Gartner has published some selected findings from its annual IT market compensation study. In it’s new publication, “CIO Alert: Jobs and Skills Topping the Difficult-to-Recruit-For List in the U.S.”, Gartner identified network engineer and network architect as thefourth and fifth most difficult positions to fill. And it’s only getting harder for them to find you.
The percentage of CIOs who said network engineers are very difficult to extremely difficult to find rose from 14.1% in 2006 abd 16.6% in 2007 to 20.3% in 2008.
The demand for network architects has fluctuated a little more. About 18.2% of CIOs said they had a very to extremely difficult time finding engineers in 2006. That number sank to 15.2% in 2007 and then shot back up to 19.8% in 2008.

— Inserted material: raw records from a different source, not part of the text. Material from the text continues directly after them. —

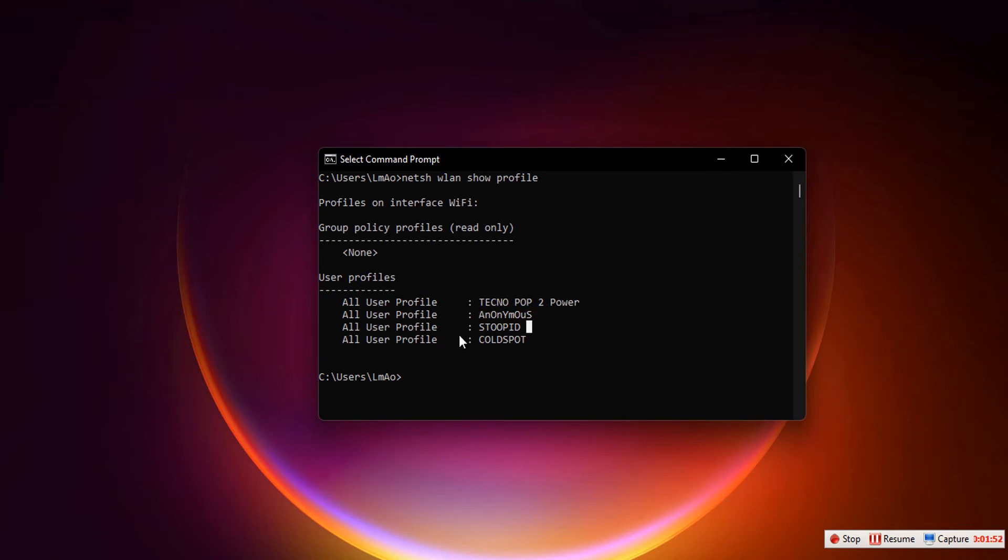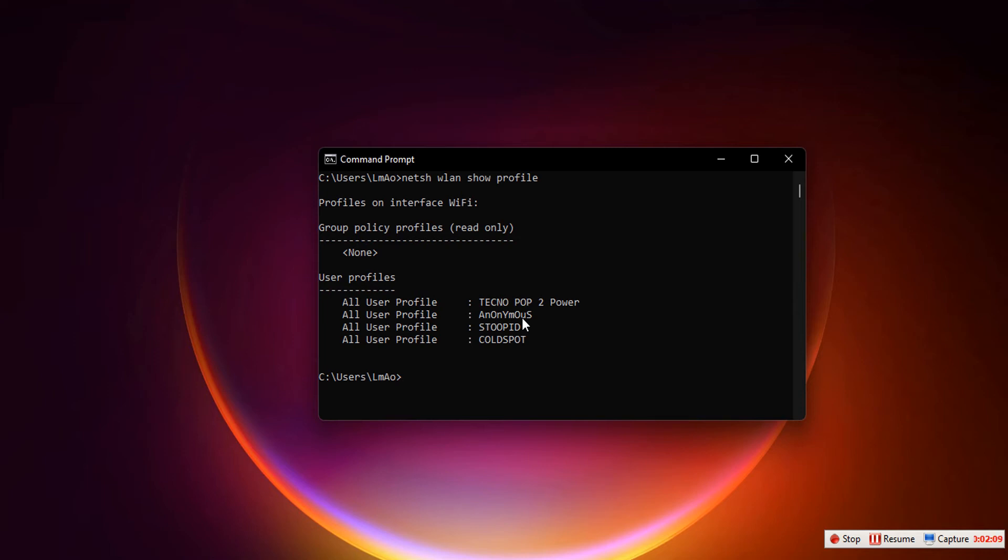So we copy 'stupid' with Ctrl+C. The next thing we need to do is press the up arrow on your keyboard to display the previously typed command.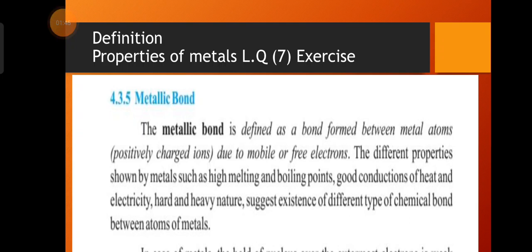This special type of bonding determines the properties of metals. Due to the metallic bond, metals show different properties such as good conduction of heat and electricity, hardness, heavy nature, and high melting and boiling points. All these properties suggest that metals have a special type of bonding, which involves mobile or free electrons.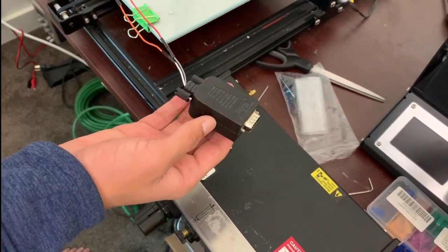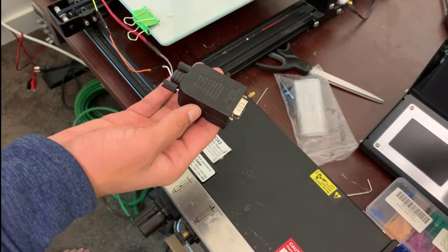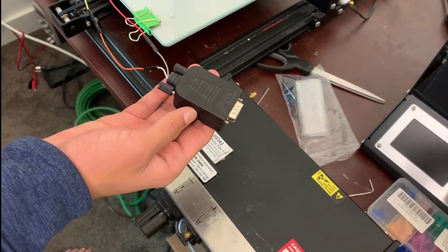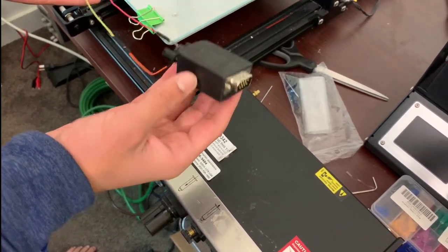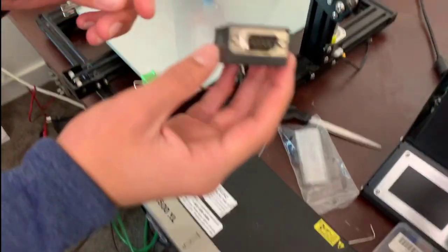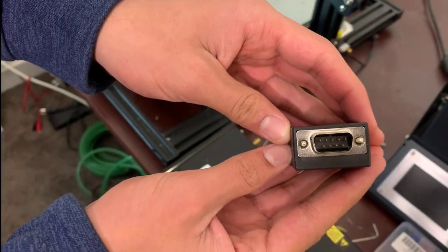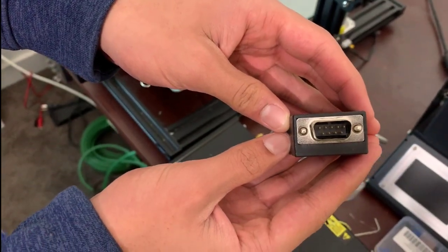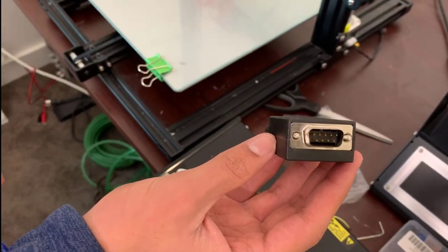Now that we've set up the air compressor, we're going to be setting up the electrical connection between the EFD dispenser and the actual printer. We're going to be using a nine pin serial port that will connect to the EFD dispenser.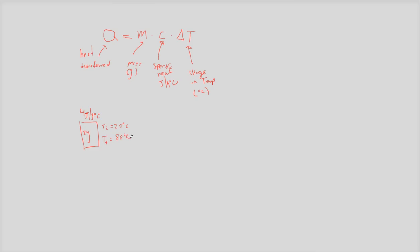Alright. And now I want to know, this 2 gram thing went from 20 degrees Celsius to 80 degrees Celsius. How much energy did I have to add to it to get it to do that? Alright, voila, we have an equation.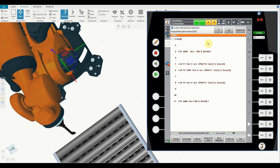The approximation distance tells the robot where to start approximating. Because we said 80, when the robot is 80 millimeters before point 2 it will start approximating the movement. This causes the path change — the robot moves from here, and when it's 80 millimeters before point 2 it starts the approximation and then moves to point 3.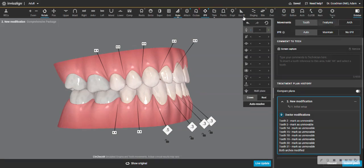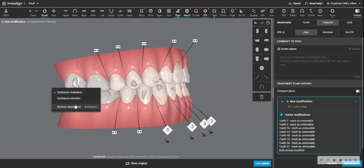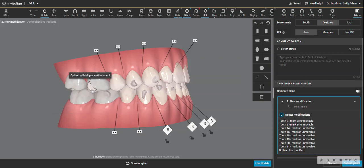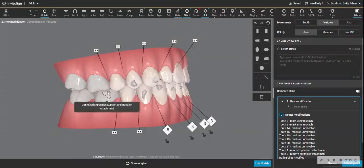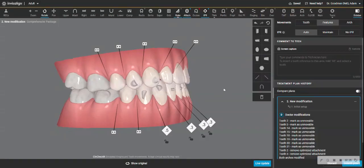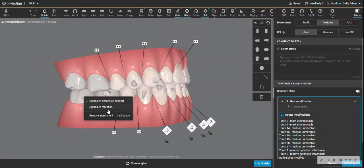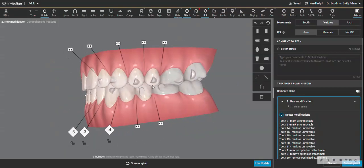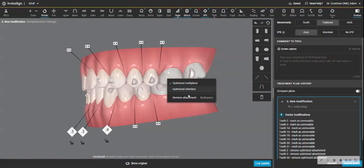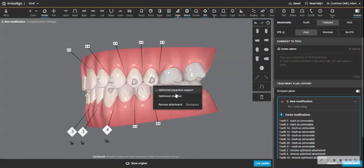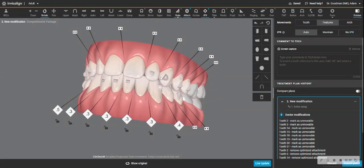I am going to take the attachments off the teeth here. So features, remove attachment on several teeth. Because there's no movement on those teeth and the retention will be fine, as it is with most cases, unless the teeth are really, really short. So I took those off.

The only jobs which are harder to fill are enterprise architect, database administrator and ERP programmer/analyst.
Now I know what many of you are thinking. With the economy hurtling towards some sort of apocalypse, will any company be in a position to hire anyone in 2008 or 2009? Gartner does mention in its research note that IT recruitment continues to be a top challenge for IT organizations even in current economic conditions. Of course, this survey data was collected in February, before people starting use the term “the worst economic crisis since the Great Depression” on a daily basis. At least network engineers and architects have a little bit of an advantage over security analysts and bsuiness analysts and… COBOL programmers.